Scraped caption text data:

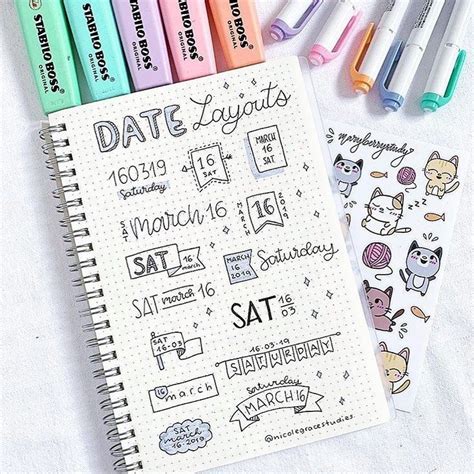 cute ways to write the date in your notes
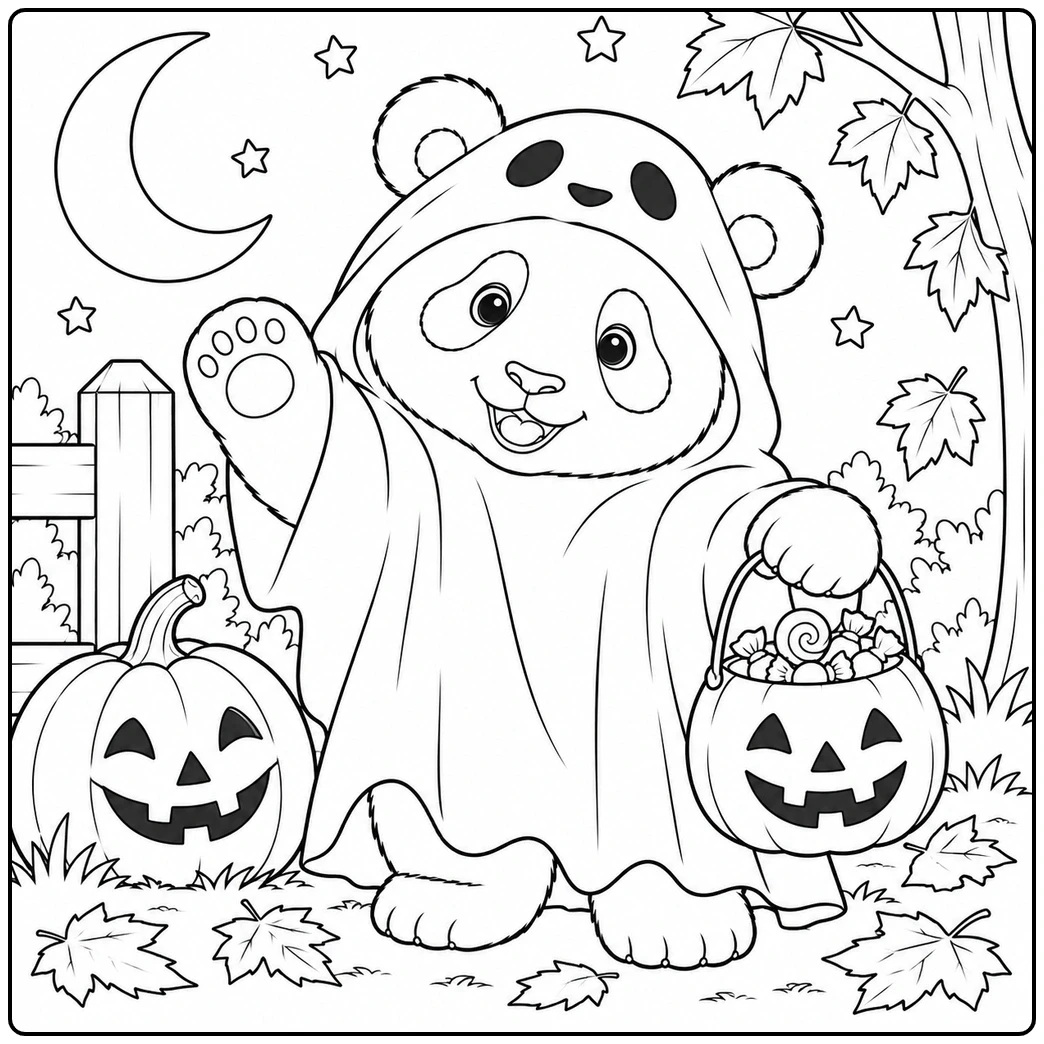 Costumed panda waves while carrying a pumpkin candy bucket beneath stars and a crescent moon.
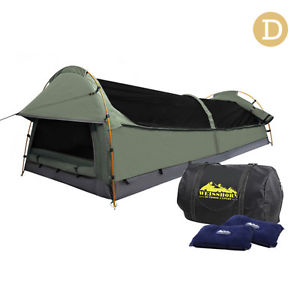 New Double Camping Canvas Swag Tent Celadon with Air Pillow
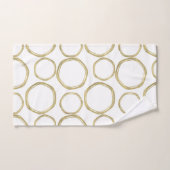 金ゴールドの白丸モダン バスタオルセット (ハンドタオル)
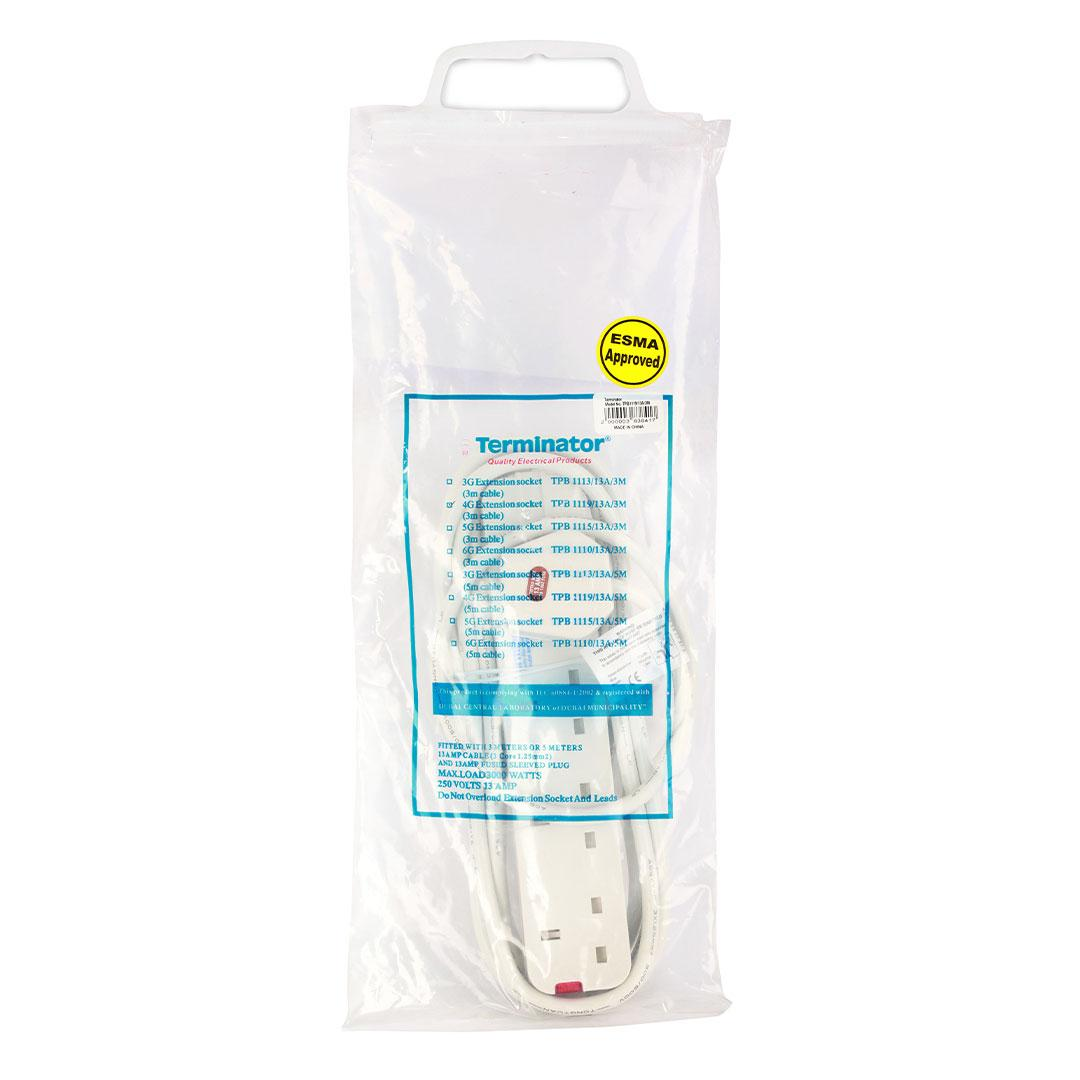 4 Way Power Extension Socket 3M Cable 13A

■ **Work request**: Leave the pictures out, then print every entry exactly as it reads.

■ **Solved exercise**:
 cute ways to write the date in your notes
 Costumed panda waves while carrying a pumpkin candy bucket beneath stars and a crescent moon.
 New Double Camping Canvas Swag Tent Celadon with Air Pillow
 金ゴールドの白丸モダン バスタオルセット (ハンドタオル)
 4 Way Power Extension Socket 3M Cable 13A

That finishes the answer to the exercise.